::: Given records
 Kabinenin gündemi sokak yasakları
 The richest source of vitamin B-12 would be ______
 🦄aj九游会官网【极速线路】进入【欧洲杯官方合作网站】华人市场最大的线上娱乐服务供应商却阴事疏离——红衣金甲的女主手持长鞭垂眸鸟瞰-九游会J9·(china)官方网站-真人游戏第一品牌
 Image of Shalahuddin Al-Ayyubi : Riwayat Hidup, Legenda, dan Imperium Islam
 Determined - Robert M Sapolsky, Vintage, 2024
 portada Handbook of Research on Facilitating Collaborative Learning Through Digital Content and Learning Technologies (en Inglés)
::::::
::: Given records
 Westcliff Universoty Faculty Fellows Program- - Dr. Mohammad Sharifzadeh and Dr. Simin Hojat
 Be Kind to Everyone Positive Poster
::::::
Your answer should be the lines above, from the line containing "Kabinenin gündemi sokak yasakları" up to and including the line containing "portada Handbook of", reproduced exactly and with nothing else.

 Kabinenin gündemi sokak yasakları
 The richest source of vitamin B-12 would be ______
 🦄aj九游会官网【极速线路】进入【欧洲杯官方合作网站】华人市场最大的线上娱乐服务供应商却阴事疏离——红衣金甲的女主手持长鞭垂眸鸟瞰-九游会J9·(china)官方网站-真人游戏第一品牌
 Image of Shalahuddin Al-Ayyubi : Riwayat Hidup, Legenda, dan Imperium Islam
 Determined - Robert M Sapolsky, Vintage, 2024
 portada Handbook of Research on Facilitating Collaborative Learning Through Digital Content and Learning Technologies (en Inglés)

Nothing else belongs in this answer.